About this task — No pictures belong in the copy. Retype exactly, and only, the stretch of lines below from the one with "Hybrid Dual Layer" through the one with "グッドスマイルカンパニー Re:ゼロから始める異世界生活 ラム レム セット".

Data shown —
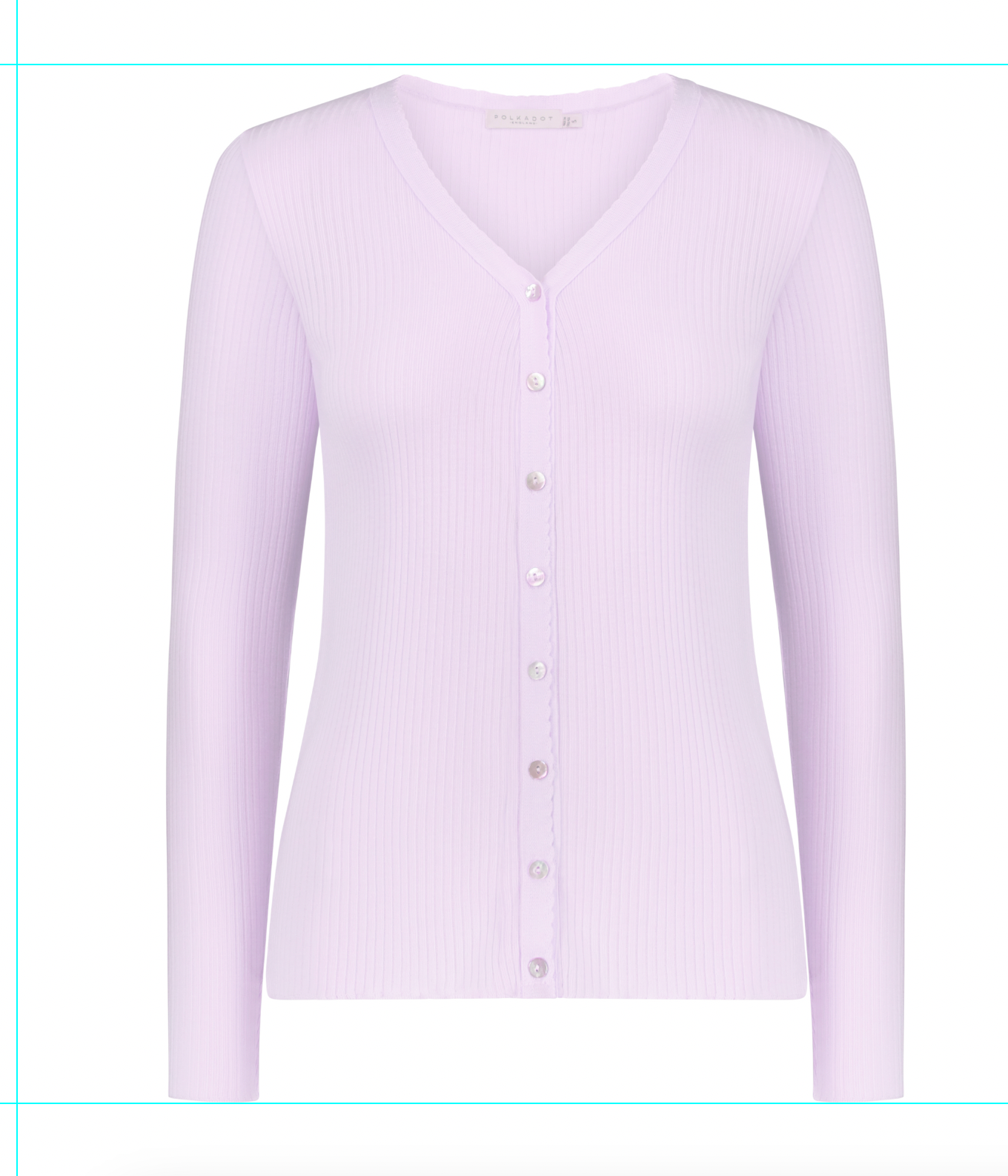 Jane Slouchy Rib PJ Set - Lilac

==

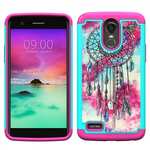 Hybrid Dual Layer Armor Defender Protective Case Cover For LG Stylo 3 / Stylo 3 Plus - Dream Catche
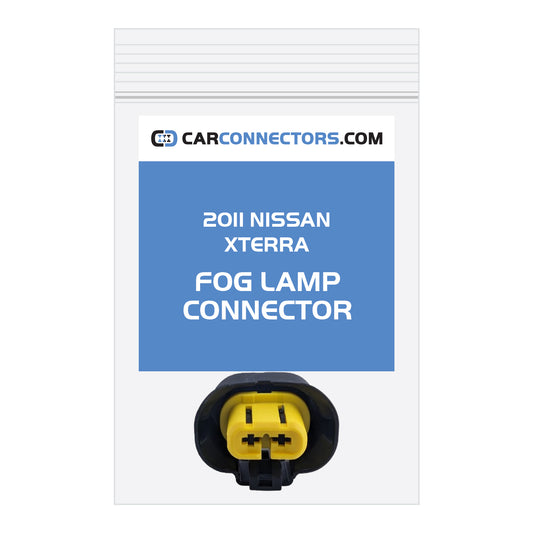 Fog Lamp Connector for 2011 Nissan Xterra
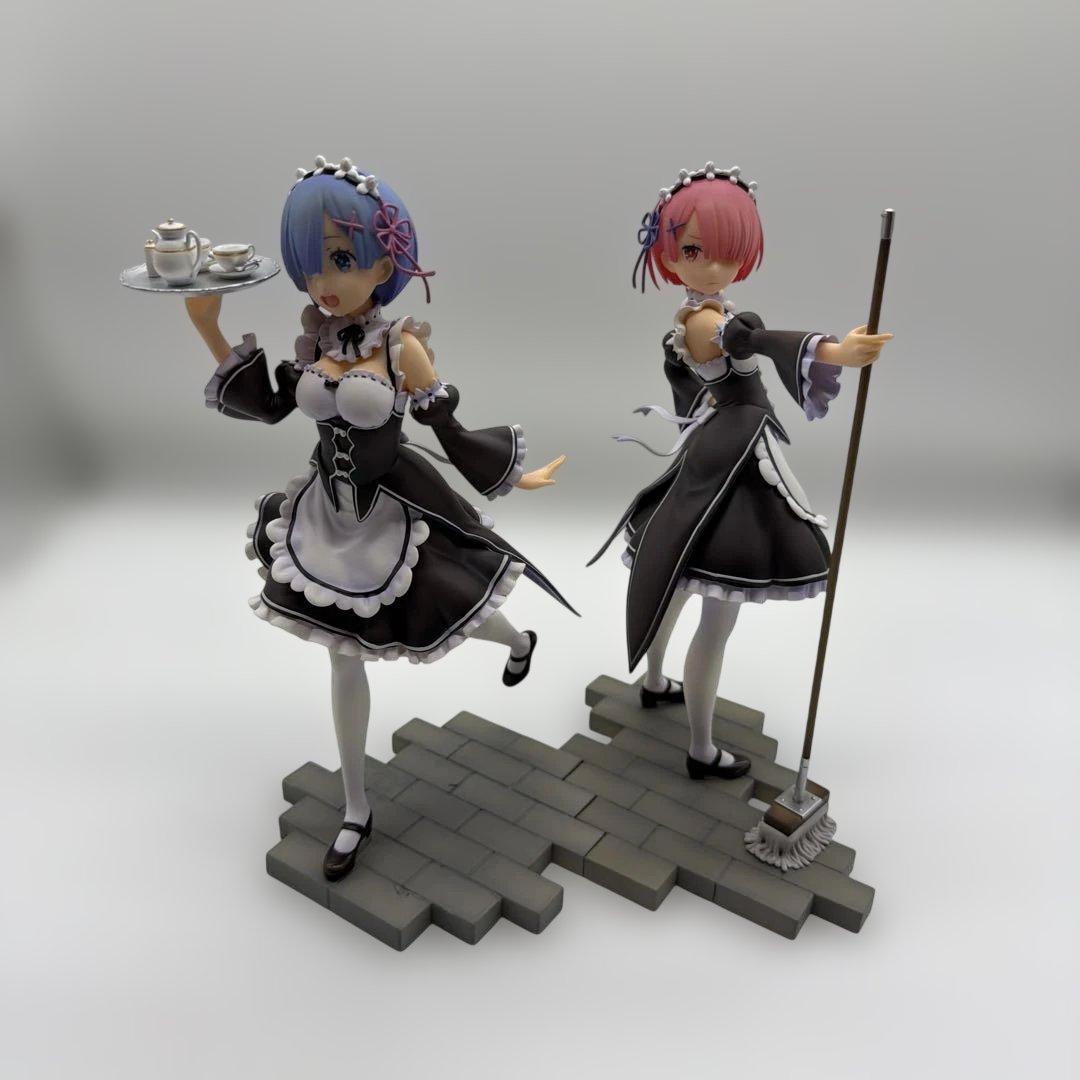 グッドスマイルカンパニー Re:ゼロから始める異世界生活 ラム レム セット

Your solution —
 Hybrid Dual Layer Armor Defender Protective Case Cover For LG Stylo 3 / Stylo 3 Plus - Dream Catche
 Fog Lamp Connector for 2011 Nissan Xterra
 グッドスマイルカンパニー Re:ゼロから始める異世界生活 ラム レム セット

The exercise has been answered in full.